As the lava lake inside the volcano has subsided, the newly exposed crater walls no longer are supported by lava and begin to collapse inward, enlarging the size of the vent. Earthquakes may have contributed to the walls collapsing, scientists say.
On Sunday more than 40 small quakes rattled the Kilauea summit area, most in the range of magnitude 2.5 to 3. A dozen more shook the flanks, including one upslope at magnitude 3.5 and a magnitude-3 temblor offshore.
The pieces that fall to the bottom essentially create an interior cap that keeps gas and steam from escaping, and the pressure buildup contributes to conditions leading to explosions.
That’s what happened in 1924 when Kilauea had its most powerful eruption since the early 19th century, according to scientists. The largest pieces of debris were hurtled about three-fifths of a mile, or more than 1,000 yards, from the crater rim.
Explosions similarly have been occurring in the latest eruption, but not lasting as long and not nearly as powerful as the 1924 blasts, scientists said. Pieces perhaps no more than 20 pounds have been thrown from Kiluaea, scientists estimate.
Still, the pattern of activity is the same as in 1924, they said.
Brantley said the size of the vent in 1924 roughly doubled in about three weeks.
He told reporters Sunday that there could be larger explosions than what has been happening the past few weeks.
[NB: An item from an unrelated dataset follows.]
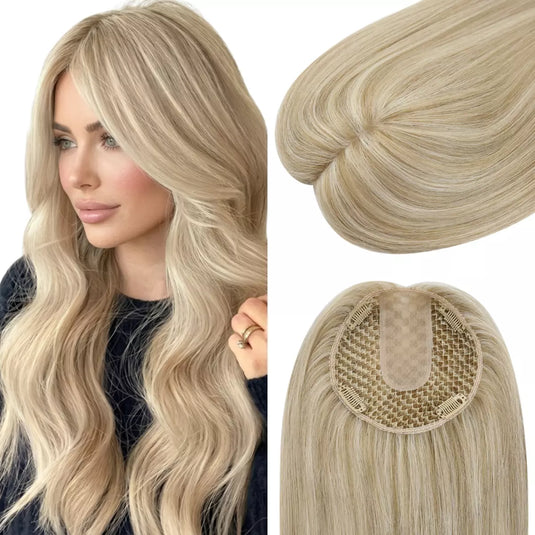 Woman with long wavy hair wearing an blonde topper on a white background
“We still think this is a real possibility,” Brantley said.
But scientists dispelled the notion that the current developments would generate a massive explosion akin to what is seen in Hollywood movies, or the cataclysmic 1980 eruption of Mount St. Helens, northeast of Portland, Ore.
“It’s not as if this is building to some big, huge, crazy explosion,” said Scott Rowland, a geologist at the University of Hawaii in Manoa. “It’s not like there will be one big one that everyone is waiting for.”